# Recorded data:

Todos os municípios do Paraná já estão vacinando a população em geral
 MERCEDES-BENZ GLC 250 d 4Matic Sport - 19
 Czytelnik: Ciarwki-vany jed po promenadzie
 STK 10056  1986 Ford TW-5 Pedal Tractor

# What you are asked to do:
Take the material above and reproduce it word for word.

# Answer to the exercise:
Todos os municípios do Paraná já estão vacinando a população em geral
 MERCEDES-BENZ GLC 250 d 4Matic Sport - 19
 Czytelnik: Ciarwki-vany jed po promenadzie
 STK 10056  1986 Ford TW-5 Pedal Tractor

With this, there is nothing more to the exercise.